## Task input
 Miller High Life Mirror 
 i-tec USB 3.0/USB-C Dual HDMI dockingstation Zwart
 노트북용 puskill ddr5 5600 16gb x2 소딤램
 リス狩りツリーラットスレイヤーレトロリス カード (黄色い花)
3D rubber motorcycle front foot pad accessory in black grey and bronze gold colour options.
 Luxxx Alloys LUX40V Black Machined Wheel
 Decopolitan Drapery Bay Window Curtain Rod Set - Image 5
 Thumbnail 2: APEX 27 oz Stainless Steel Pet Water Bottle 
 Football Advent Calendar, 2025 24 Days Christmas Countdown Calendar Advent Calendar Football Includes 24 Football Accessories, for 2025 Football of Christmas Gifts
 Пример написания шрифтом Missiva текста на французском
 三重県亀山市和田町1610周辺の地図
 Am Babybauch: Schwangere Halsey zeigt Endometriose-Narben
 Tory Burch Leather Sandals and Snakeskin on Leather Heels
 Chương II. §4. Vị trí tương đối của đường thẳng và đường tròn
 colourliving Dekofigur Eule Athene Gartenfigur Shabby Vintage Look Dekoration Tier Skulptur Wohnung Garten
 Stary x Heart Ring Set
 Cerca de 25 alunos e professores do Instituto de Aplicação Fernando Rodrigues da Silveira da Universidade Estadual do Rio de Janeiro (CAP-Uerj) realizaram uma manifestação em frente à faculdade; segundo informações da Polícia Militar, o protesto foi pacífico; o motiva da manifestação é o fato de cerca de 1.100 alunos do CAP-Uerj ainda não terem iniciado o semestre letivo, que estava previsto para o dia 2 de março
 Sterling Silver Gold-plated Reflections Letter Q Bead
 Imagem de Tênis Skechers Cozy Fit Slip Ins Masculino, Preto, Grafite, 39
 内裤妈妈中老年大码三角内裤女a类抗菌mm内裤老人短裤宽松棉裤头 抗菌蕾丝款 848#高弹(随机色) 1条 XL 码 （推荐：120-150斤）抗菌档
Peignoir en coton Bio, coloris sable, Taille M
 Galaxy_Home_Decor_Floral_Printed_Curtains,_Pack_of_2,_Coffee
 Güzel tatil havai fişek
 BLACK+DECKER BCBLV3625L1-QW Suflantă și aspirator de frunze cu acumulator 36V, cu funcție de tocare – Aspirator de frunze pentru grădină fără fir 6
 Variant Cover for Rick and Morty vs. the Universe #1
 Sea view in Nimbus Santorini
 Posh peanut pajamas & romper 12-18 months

## Exercise objective
Lines from the beginning of the data above through the line containing "Chương II. §4." are to be returned exactly, and no others.

## Answer to the problem
 Miller High Life Mirror 
 i-tec USB 3.0/USB-C Dual HDMI dockingstation Zwart
 노트북용 puskill ddr5 5600 16gb x2 소딤램
 リス狩りツリーラットスレイヤーレトロリス カード (黄色い花)
3D rubber motorcycle front foot pad accessory in black grey and bronze gold colour options.
 Luxxx Alloys LUX40V Black Machined Wheel
 Decopolitan Drapery Bay Window Curtain Rod Set - Image 5
 Thumbnail 2: APEX 27 oz Stainless Steel Pet Water Bottle 
 Football Advent Calendar, 2025 24 Days Christmas Countdown Calendar Advent Calendar Football Includes 24 Football Accessories, for 2025 Football of Christmas Gifts
 Пример написания шрифтом Missiva текста на французском
 三重県亀山市和田町1610周辺の地図
 Am Babybauch: Schwangere Halsey zeigt Endometriose-Narben
 Tory Burch Leather Sandals and Snakeskin on Leather Heels
 Chương II. §4. Vị trí tương đối của đường thẳng và đường tròn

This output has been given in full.